I clarified that I was not trying to make her less important than me and I understood why she reacted the way she did.  I asserted that she had given me helpful feedback, and an apology wasn’t warranted.  As for the harsh tone, we would chalk it up to the drinking.  From then onward I was respectful and formal with her, and she was a little more relaxed when we talked. A few years later she was in charge of the entire office.

Logic and Emotion Are a False Dichotomy

It may seem like I was being socially-aware.  However, I had read hundreds of pages of case law in graduate school about harassment in the workplace, mostly describing mishaps from prior decades.  And I know from observing social criticism that jokes are troublesome between people who are sorting out who is in charge, with joking put-downs being particularly painful.  In order to get along we need to perceive power imbalance, develop a sense of fair-play between unequals, and be sincere in our efforts.  My mental processing was logical.  Or rather, I think I was logical.

If we apply judgmental filters to everything we see, we will usually see a lot more of that one thing we’re looking for.  When you’re in a crowd looking for a family member who is “wearing yellow” you see yellow garments everywhere.  The same also goes for judging social interactions on a logical filter or an emotional filter.  It’s not always true that we make things more human by putting more emotion into them.  Our circumstances, our personal history, and our amount of spare time can have an outsized impact on how we react and interact.  Filters limit our perceptions and reduce our flexibility to decide what to change.

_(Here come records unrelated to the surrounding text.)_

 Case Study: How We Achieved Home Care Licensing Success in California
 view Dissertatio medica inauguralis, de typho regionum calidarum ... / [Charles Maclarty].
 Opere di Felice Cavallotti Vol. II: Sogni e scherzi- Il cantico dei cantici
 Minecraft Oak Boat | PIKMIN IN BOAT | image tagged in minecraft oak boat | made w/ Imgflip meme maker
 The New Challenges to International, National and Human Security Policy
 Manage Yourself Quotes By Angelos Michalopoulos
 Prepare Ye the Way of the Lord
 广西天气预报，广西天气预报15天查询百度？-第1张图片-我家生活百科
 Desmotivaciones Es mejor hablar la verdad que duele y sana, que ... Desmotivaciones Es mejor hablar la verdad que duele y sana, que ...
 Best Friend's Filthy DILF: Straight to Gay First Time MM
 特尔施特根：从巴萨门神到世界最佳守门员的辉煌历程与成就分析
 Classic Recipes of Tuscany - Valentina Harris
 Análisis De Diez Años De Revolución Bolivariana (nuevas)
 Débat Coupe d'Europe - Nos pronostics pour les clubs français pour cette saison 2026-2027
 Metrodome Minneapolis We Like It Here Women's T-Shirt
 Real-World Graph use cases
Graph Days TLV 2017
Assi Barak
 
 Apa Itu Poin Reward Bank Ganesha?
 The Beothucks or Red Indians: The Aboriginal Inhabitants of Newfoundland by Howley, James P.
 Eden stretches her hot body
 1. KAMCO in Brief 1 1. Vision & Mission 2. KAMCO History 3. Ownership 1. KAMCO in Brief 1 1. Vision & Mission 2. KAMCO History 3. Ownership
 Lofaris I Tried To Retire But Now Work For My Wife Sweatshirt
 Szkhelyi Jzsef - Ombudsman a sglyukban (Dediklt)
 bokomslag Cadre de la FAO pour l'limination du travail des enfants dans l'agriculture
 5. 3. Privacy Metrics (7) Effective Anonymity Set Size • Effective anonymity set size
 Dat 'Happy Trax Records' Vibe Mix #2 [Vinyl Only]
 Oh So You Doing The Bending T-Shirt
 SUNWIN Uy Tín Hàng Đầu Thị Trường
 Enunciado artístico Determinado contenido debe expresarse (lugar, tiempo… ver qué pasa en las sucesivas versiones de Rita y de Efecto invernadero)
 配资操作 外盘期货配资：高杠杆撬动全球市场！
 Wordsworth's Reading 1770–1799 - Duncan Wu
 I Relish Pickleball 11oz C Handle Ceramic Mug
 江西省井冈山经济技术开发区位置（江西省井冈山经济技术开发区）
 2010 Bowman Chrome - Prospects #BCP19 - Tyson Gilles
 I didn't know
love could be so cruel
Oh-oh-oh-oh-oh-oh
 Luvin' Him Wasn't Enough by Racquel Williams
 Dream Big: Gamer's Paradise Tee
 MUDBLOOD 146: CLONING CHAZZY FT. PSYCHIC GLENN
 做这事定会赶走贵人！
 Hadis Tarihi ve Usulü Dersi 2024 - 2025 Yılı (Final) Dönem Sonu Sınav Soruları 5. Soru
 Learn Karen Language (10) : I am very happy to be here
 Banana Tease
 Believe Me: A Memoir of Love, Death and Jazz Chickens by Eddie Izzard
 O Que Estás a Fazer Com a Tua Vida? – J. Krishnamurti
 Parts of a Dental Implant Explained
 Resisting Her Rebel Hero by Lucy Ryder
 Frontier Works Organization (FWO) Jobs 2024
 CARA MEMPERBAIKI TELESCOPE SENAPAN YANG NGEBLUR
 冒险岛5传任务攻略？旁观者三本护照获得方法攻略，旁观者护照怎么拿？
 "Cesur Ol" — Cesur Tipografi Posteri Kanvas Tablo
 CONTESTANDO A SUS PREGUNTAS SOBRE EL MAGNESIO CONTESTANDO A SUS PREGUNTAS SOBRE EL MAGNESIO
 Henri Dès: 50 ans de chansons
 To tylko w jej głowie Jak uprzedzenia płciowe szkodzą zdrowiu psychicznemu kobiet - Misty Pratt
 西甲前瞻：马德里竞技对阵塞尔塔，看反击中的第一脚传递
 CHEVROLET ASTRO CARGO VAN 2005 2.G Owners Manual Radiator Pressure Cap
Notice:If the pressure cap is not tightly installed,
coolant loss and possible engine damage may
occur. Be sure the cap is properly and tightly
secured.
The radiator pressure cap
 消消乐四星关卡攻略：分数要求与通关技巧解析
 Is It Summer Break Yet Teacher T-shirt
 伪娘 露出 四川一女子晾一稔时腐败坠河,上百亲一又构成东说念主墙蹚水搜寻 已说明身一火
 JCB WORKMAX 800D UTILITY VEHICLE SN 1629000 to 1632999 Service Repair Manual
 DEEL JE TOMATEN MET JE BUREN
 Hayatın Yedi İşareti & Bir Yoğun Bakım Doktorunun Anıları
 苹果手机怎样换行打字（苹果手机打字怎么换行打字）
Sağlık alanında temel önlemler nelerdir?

In your adventures as a people leader, a non-judgmental mindset can open you to analytics that offer a steady stream of logical insights.  But I assure you, the logic only gets you so far until you stumble onto the stories, the feelings, and the many universes of unique individuals.  To get the most out of people and make them feel right about it, let them tell you their facts and feelings.  But remember, you don’t need to categorize their hopes and dreams.  You need to cherish the whole person who delivers their best, while they’re just being themselves.

It feels better that way.  That’s what the research would say… I think.